If a parent suspects his or her child has a concussion and they can’t get immediate medical care, the best course of treatment for the child is brain rest, Phillips said.
“You need as much energy as possible to go to that area of the brain to heal it,” he said. “So, no texting. No computers. No TV. No reading.”
They should have a medical professional check them out. Then, if they need continued treatment, they can seek a modified educational plan to help them heal, Phillips said.
For instance, they may need more time to complete homework assignments.
With concussions taking center stage in recent months, especially with the National Football League, there have been some fears that focusing so much attention on the problem will weaken sports. But no one is saying that athletes should be less competitive, Phillips said. They simply need to learn the proper techniques for the sport and to pay attention to their health.
“They can still be aggressive. They can still want to win. That’s part of sports,” Phillips said. “The key is safety for the kids.”
What: A seminar on the Rising Dangers of Concussion: What coaches, parents and young athletes need to know
When: Oct. 22, 6 p.m. to 7:30 p.m. (meal is provided)
Where: Florida Hospital Wesley Chapel, Wellness Plaza
Admission is free, but reservations are required. Call (813) 929-5432 or visit, www.FHWesleyChapel.org/events
The Centers for Disease Control and Prevention provides this information to help lower the risk of concussions and to treat suspected concussions.
To minimize risks for concussions:
• Follow the rules of safety and the rules of the sport.
• Be sure protective equipment fits properly and is well maintained.
• Wear a helmet to reduce the risk of serious brain injury or skull fracture, but be aware there are no concussion-proof helmets.
• Avoid hits to the head.
If you suspect you have a concussion:
• Don’t hide it. Report it. Trying to “tough it out” can worsen symptoms. Do not let anyone pressure you to continue playing if you suspect you have a concussion.
• Get checked out.

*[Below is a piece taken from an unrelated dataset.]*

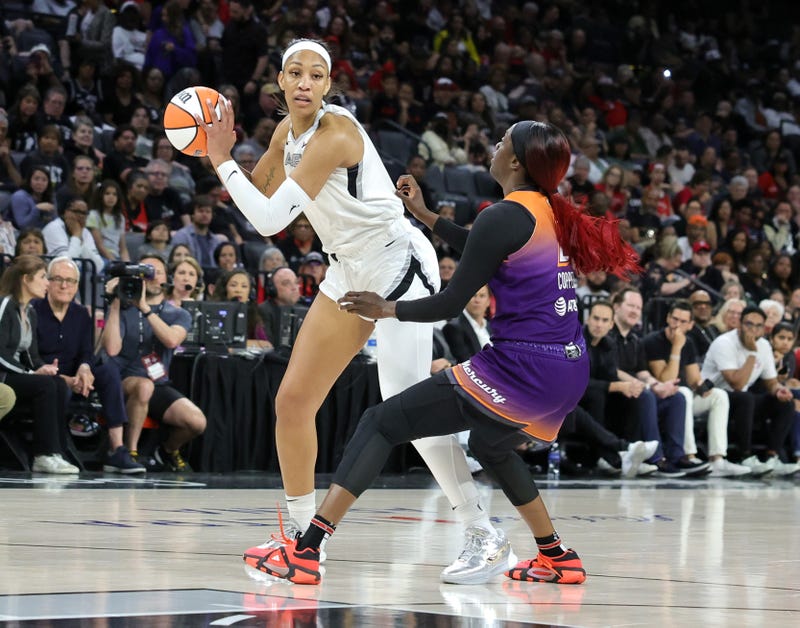 'ja Wilson #22 of the Las Vegas Aces is guarded by Kahleah Copper #2 of the Phoenix Mercury in the second quarter of their game at Michelob ULTRA Arena on May 14, 2024 in Las Vegas, Nevada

Only a health care professional can tell you if you have a concussion and can tell you if it is safe for you to return to play.
If you suspect your child has a concussion:
• Seek medical attention right away.
• Keep your child out of play.
• Tell your child’s coach about any previous concussion.
If you suspect your player has a concussion:
• Remove the athlete from play.
• Inform the athlete’s guardians or parents.
• Make sure the athlete is evaluated by a health care professional.
(When reporting a suspected concussion, a coach should include this information: The cause of the injury; whether the athlete lost consciousness and if so, for how long; any seizures or memory loss by the injured athlete; and, any previous concussions, if known).
• Keep the athlete out of play until medically cleared to return.